Screenshot from the open letter's website. It reads, “Open letter by German  Middle East experts on the Gaza crisis.”
Screenshot from the open letter's website. It reads, “Open letter by German
Middle East experts on the Gaza crisis.”
By Katrin Zinoun, Translated by Thomas McGuinn

In an open letter to the German government, numerous scholars are demanding a change to the country's foreign policy in the Middle East in light of Israel's assault on Gaza, which has left more than 2,000 Palestinians dead.
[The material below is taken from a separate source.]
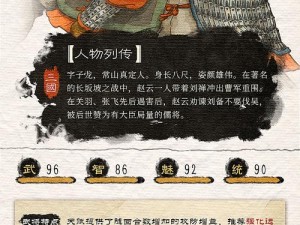 揭秘三国戏赵云传：全方位超详细攻略指南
The current German government like others before is supportive of Israel and its offensive against the strip. The petition is signed, amongst others, by Middle East scholars and experts working in the occupied Palestinian territories, as well as famous German personalities who are concerned with the subject. It reads:
For over a month we've had to sit and observe a destructive war which [...] will compromise any prospects of progress in the Gaza Strip and dash any hopes for long-term peace in the Middle East for months, possibly even years to come. We condemn the use of violence for the implementation of political aims. Violence aimed at civilians is unacceptable, both from Palestinian militant groups and from Israel.
According to its writers, the letter is meant to direct the focus of the debate in Germany back to the actual conflict. Due to several anti-Semitic outbursts from some protesters, the reporting on Gaza over the past few weeks has been overshadowed by a debate on anti-Semitism, and it no longer seemed feasible to promote discourse on current foreign policy in Israel. Kai Hafez, a communications expert, said in an interview with German radio station Deutschlandfunk:
Well, it is quite typical for us to be leading a culture-oriented debate in Germany about Islam and Judaism at the times when we should actually be carrying out political analysis or even a critical review of the war.
In the letter, the German government is urged to make concrete steps towards changing their current foreign policy in the Middle East. This was – and still is – shaped by “Germany’s historical guilt” stemming from the Nazis’ systematic genocide of millions of Jews during World War II. German Chancellor Angela Merkel spoke before the Knesset, the legislature of Israel, in 2008 about “Germany’s special historical responsibility for Israel's security”. And even to this day, the chancellor emphasises Israel's right to self-defence, while rocket attacks on Israel from Gaza are vehemently condemned.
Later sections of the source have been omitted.